Florida is in North America 

Southern North America, but North America none the less


----------



## majerah1 (Oct 29, 2010)

IDK,parts of the south definately seem like a foreign country.

seriously,I would only use it as a drop tank for a few days and nothing more.even cherries are suggested to have ten gallons for spawning.


----------



## automatic-hydromatic (Oct 18, 2010)

majerah1 said:


> IDK,parts of the south definately seem like a foreign country.
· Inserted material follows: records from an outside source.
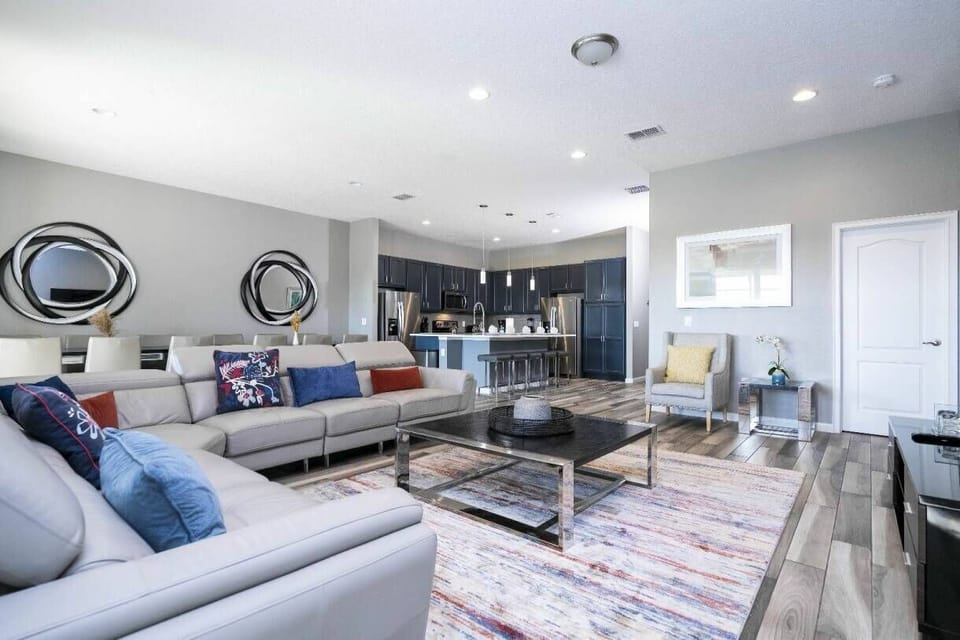 Communal lounge / TV room,Living Room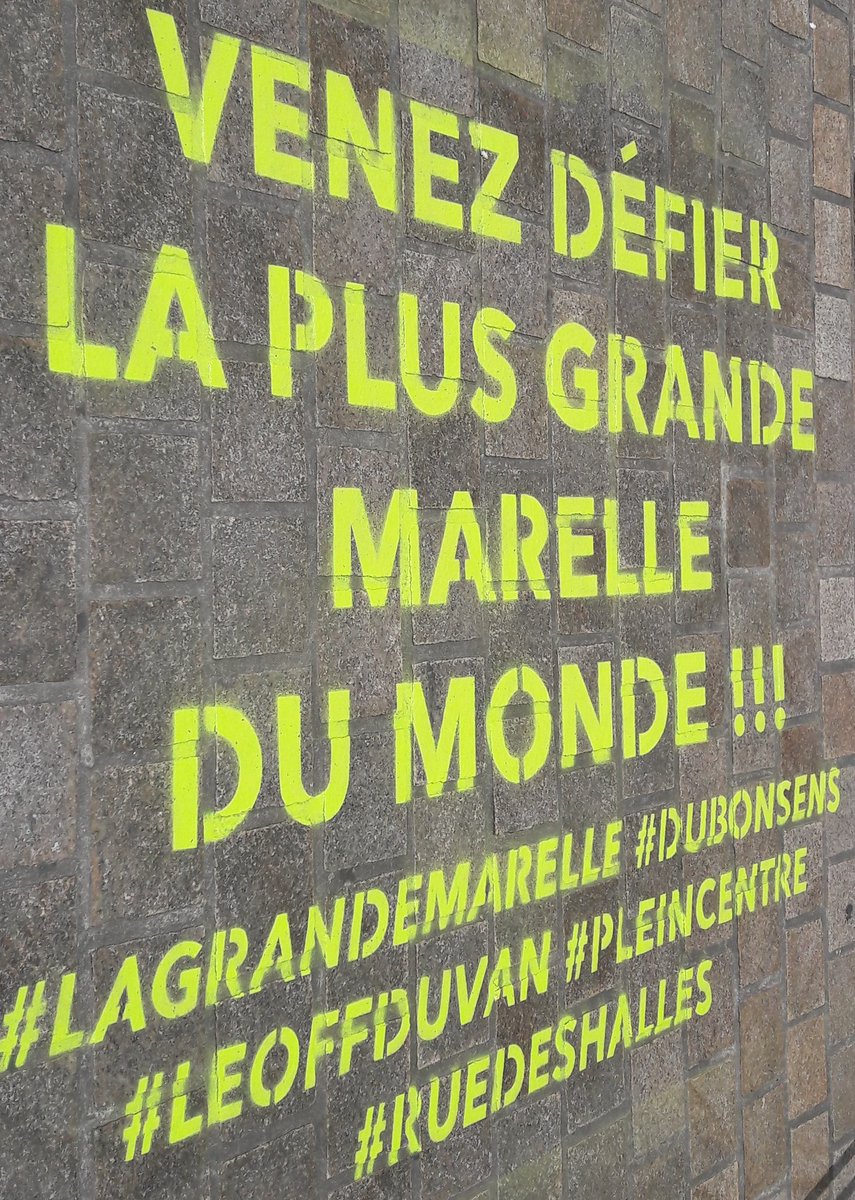 DelphineJacob1's tweet photo. Du Bon Sens installe en ce moment même rue des Halles à #nantes la Plus Grande Marelle du Monde avec les commerçants et #pleincentre #streetart #Nantesmaville #OFFduVAN #summer #game @dubonsens https://t.co/10NMQ9cNR1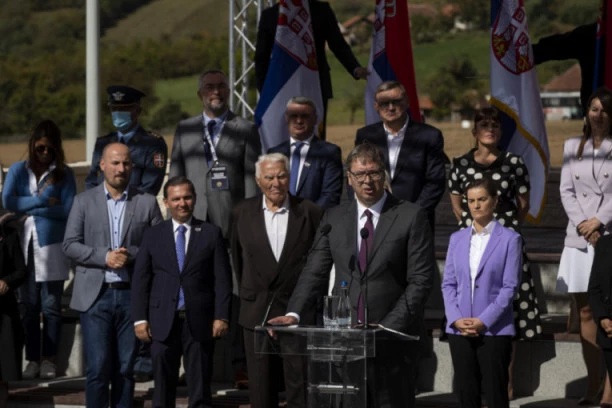VUČIĆ O LAŽIMA DA OBNAVLJA DUŠANOVO CARSTVO: Region je U PANICI, ne žele RAST SRBIJE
lol, we have our own ecosystems down here... there's some crazy creatures living in these here swamps


----------



## Kibblemania1414 (Feb 13, 2011)

Lol, when he said north america i meant north of north america. Lol


----------



## automatic-hydromatic (Oct 18, 2010)

oh gotcha


----------



## Kibblemania1414 (Feb 13, 2011)

Ya, do you know any other good fish to breed for a 2 gallon??


----------



## Kibblemania1414 (Feb 13, 2011)

bump


----------



## Kibblemania1414 (Feb 13, 2011)

any ideas?


----------



## mec102778 (Feb 17, 2011)

2 gallons, I'm clueless. Which isn't anything new where fish keeping is concerned. Shrimps maybe?


----------



## fishlover2000 (Feb 27, 2011)

Maybe two (2) mollies or female or male guppies. But u should look in on getting a bigger tank. Or one male betta or just 2 female bettas! Its hard to say with a 2 gallon tank


----------



## Vince (Dec 10, 2010)

I'm breeding guppys in a a 2 gallon tank and doing very well ...........I take fry out as they are born put them in different tank. 
Some of them have matured and they are breeding now.


----------



## Kibblemania1414 (Feb 13, 2011)

nice!! thats what i was going to do for my 10 gallon, breed guppies. thanks everybody!!


----------



## dafrimpster (Mar 23, 2011)

Heterandria Formosa would work well in a 2g tank.


----------